Quelques moyens ont été mis en place pour répondre aux besoins des populations nécessiteuses. Certains fournisseurs ont par exemple recours à l’equity pricing en indexant le prix des médicaments sur le pouvoir d’achat des habitants, et les ONG bénéficient de ristournes sur les ventes (UNFPA, premier acheteur de contraceptifs, a droit à des remises de -99% !). Toutefois, les avancées majeures ont été réalisées à l’encontre des laboratoires, avec le procès Pretoria en 2003 : 39 entreprises pharmaceutiques, liguées contre le gouvernement sud-africain qui avait justifié la copie de médicaments brevetés par une urgence nationale, ont vu leurs accusations ébranlées. L’OMC a déclaré dans le cadre des médicaments une dérogation à l’accord sur la propriété intellectuelle en autorisant l’émission de licences obligatoires en cas d’extrême urgence, et la possibilité pour les pays producteurs d’exporter des génériques dans le cadre de ces licences.

Une responsabilité qui n’incombe pas qu’aux laboratoires pharmaceutiques

L’accessibilité aux soins médicaux relève aussi en grande partie de la couverture médicale fournie par les Etats.
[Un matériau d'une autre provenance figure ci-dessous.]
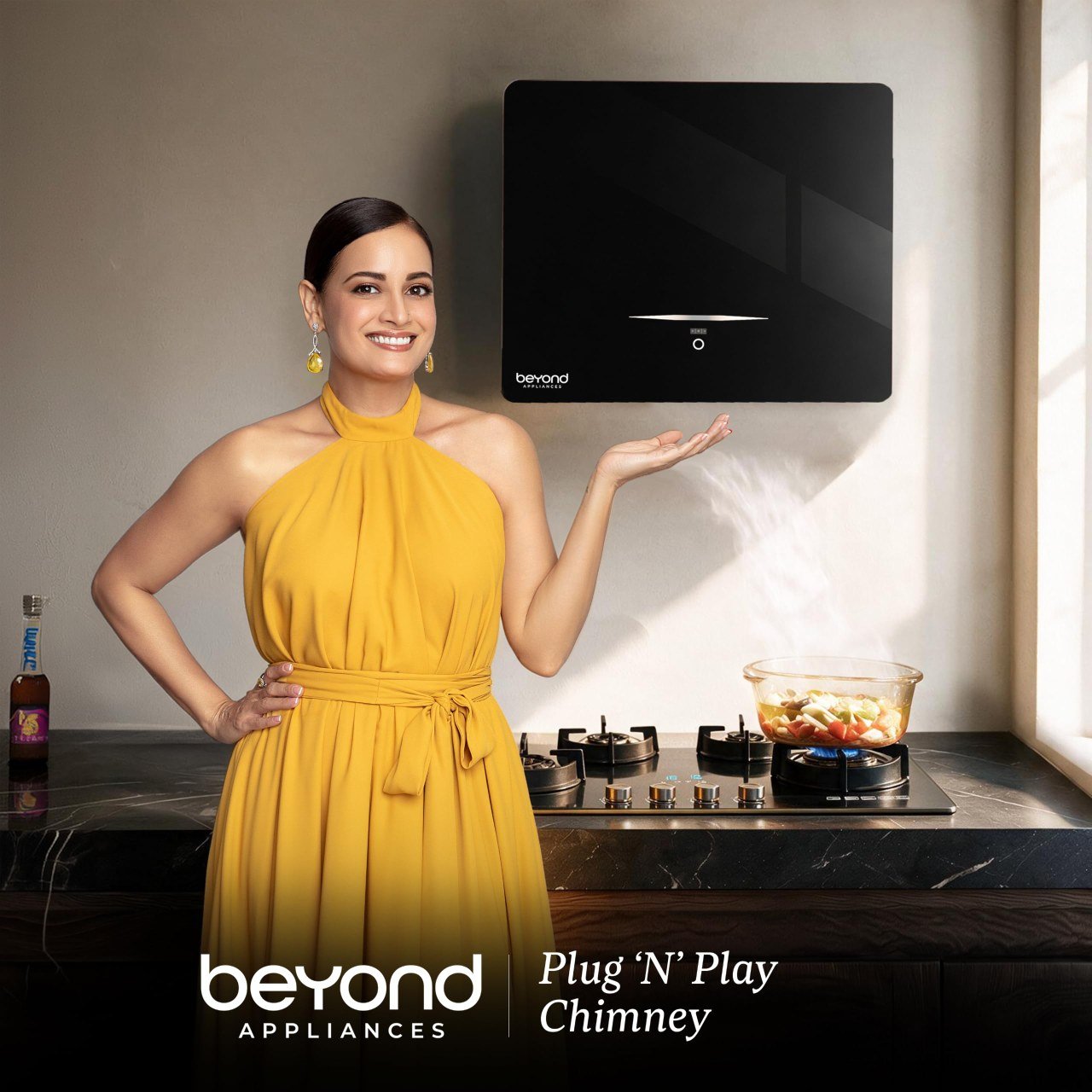 Beyond Appliances Cube BLDC Plug N Play Ductless Kitchen Chimney | 1500 CMH | AutoClean | 5-Stage Advanced Filter | Touch Control | 3-way Suction | 46dB Low Noise | Black | PAN INDIA SERVICE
On peut déplorer un manque d’efficacité dans la distribution des produits, un manque de personnel soignant ou encore une faiblesse des établissements de santé. L’allocation des ressources est révélatrice de ces carences : dans les pays en développement, seuls 3% du PNB sont consacrés aux dépenses de santé, soit deux fois moins que dans les pays industrialisés. Le corollaire est que seulement 20% des dépenses des foyers sont prises en charge par le secteur public, contre 63% dans les pays industrialisés. Dans les pays à revenus faibles et intermédiaires, le budget santé est considéré comme catastrophique lorsqu’il dépasse 25% du budget total d’un foyer : or, le système de santé y est souvent dépendant de l’épargne des ménages. Même les Etats-Unis ne sont pas considérés comme performants de ce point de vue du fait de l’iniquité de l’accès aux soins (50% de dépenses privées !).

De plus, il est difficile d’estimer l’inégalité de couverture entre les groupes d’un même pays. Selon Amat-Roze, géographe, le fossé entre les PED et les pays développés est moins important que « entre les hommes pauvres, où qu’ils soient, et tous les autres ». L’urbanisation renforce ces inégalités d’accès en scindant les villes : alors que le nombre de personnes vivant en ville doit passer de 54% à 60% en 2030, les risques de maladies et de blessures sont plus élevés dans les ghettos et bidonvilles, où l’accès aux établissements de santé est faible.
Pour compenser les faiblesses institutionnelles de certains Etats, d’autres acteurs peuvent entrer en scène dans le cadre de partenariats privé-public, comme les fondations (Bill & Melinda Gates par exemple) ou les ONG (la Croix rouge, Handicap international, Médecins du monde).